Stored entries:
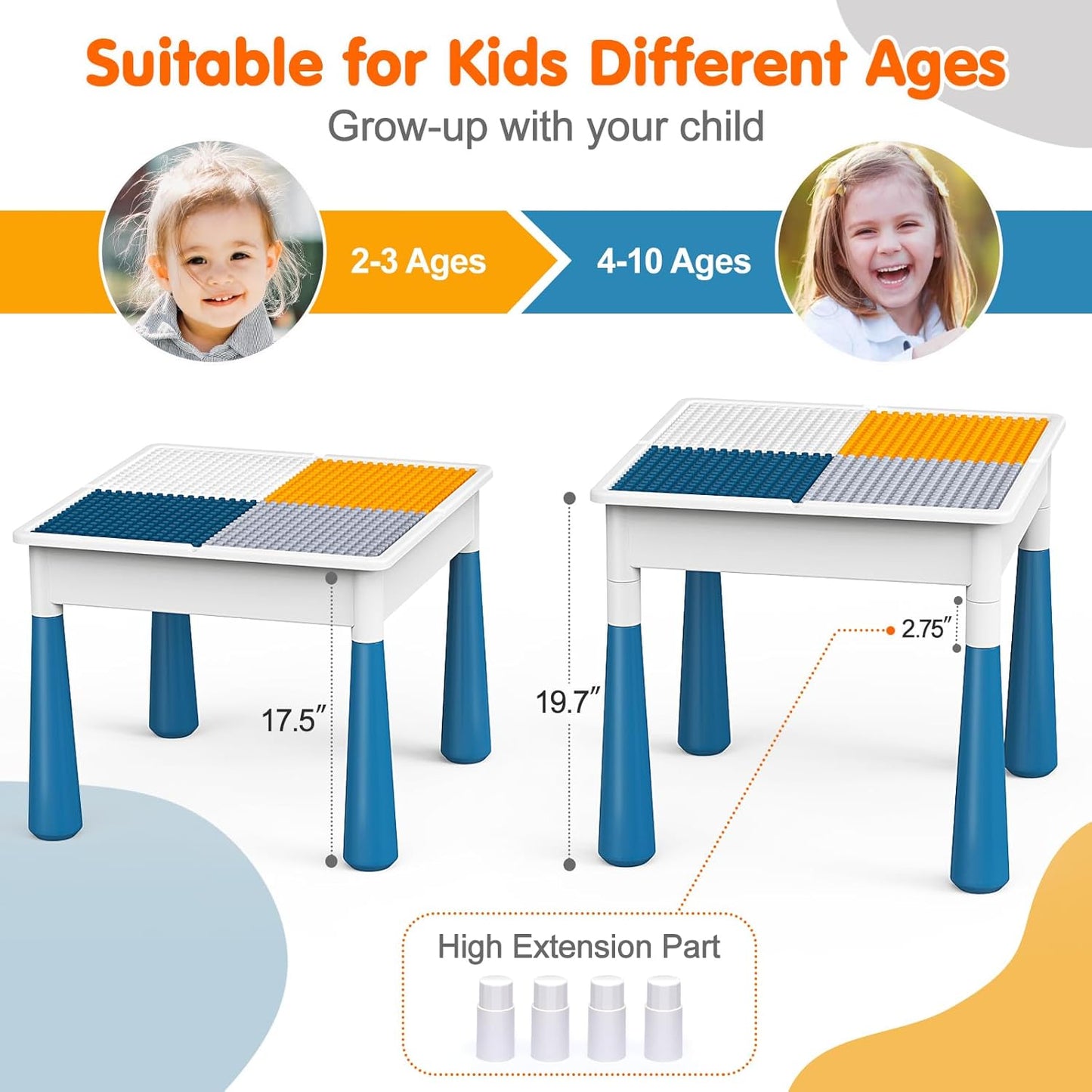 Building Blocks Table Set Large Size – Includes 1 Rabbit Chair & 560+ Blocks Set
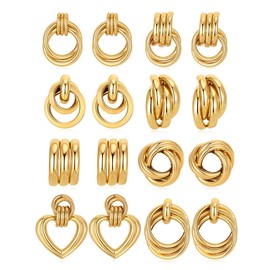 Ofeiyaa 8 Pairs Gold Knot Earrings for Women Chunky Statement Heart Geometric Drop Dangle Hoop Earrings Lightweight Long Link Earring Studs Jewelry Gifts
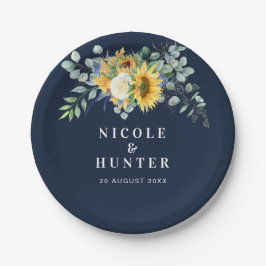 Prato De Papel Casamento de eucalipto de girassol de aquarela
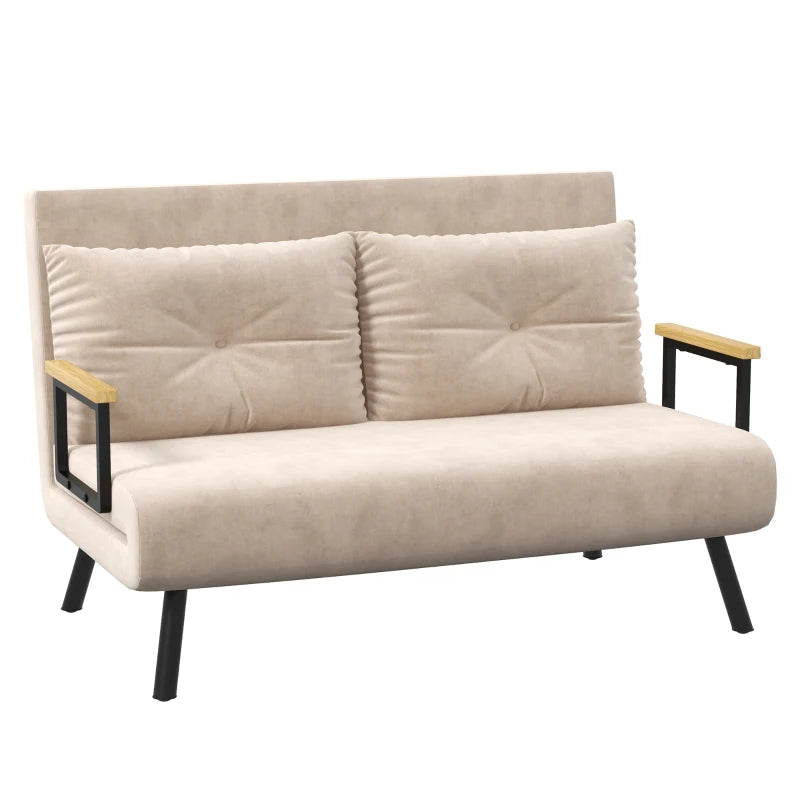HOMCOM Sleeper Sofa 2-Seater Sofa Velvet Sofa, Sleeper Function, incl. 2 Pillows, Velvety Look, Natural + Beige + Black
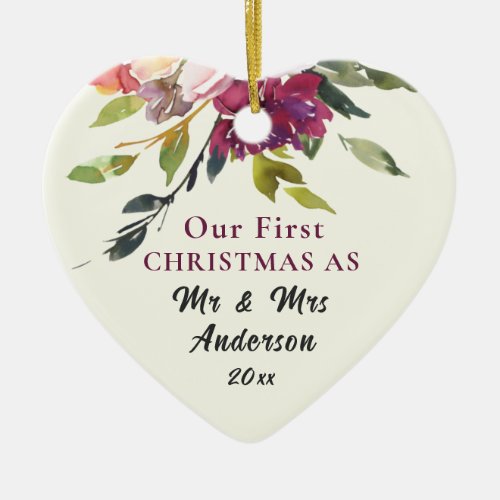 Our First Christmas Mr  Mrs Bible Verse Christmas Ceramic Ornament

● **Work to be completed**:
Begin with the line containing "Ofeiyaa 8 Pairs" and end with the last line of the entries above. Copy those lines exactly, both ends included, and drop every picture.

● **Response to this exercise**:
 Ofeiyaa 8 Pairs Gold Knot Earrings for Women Chunky Statement Heart Geometric Drop Dangle Hoop Earrings Lightweight Long Link Earring Studs Jewelry Gifts
 Prato De Papel Casamento de eucalipto de girassol de aquarela
HOMCOM Sleeper Sofa 2-Seater Sofa Velvet Sofa, Sleeper Function, incl. 2 Pillows, Velvety Look, Natural + Beige + Black
 Our First Christmas Mr  Mrs Bible Verse Christmas Ceramic Ornament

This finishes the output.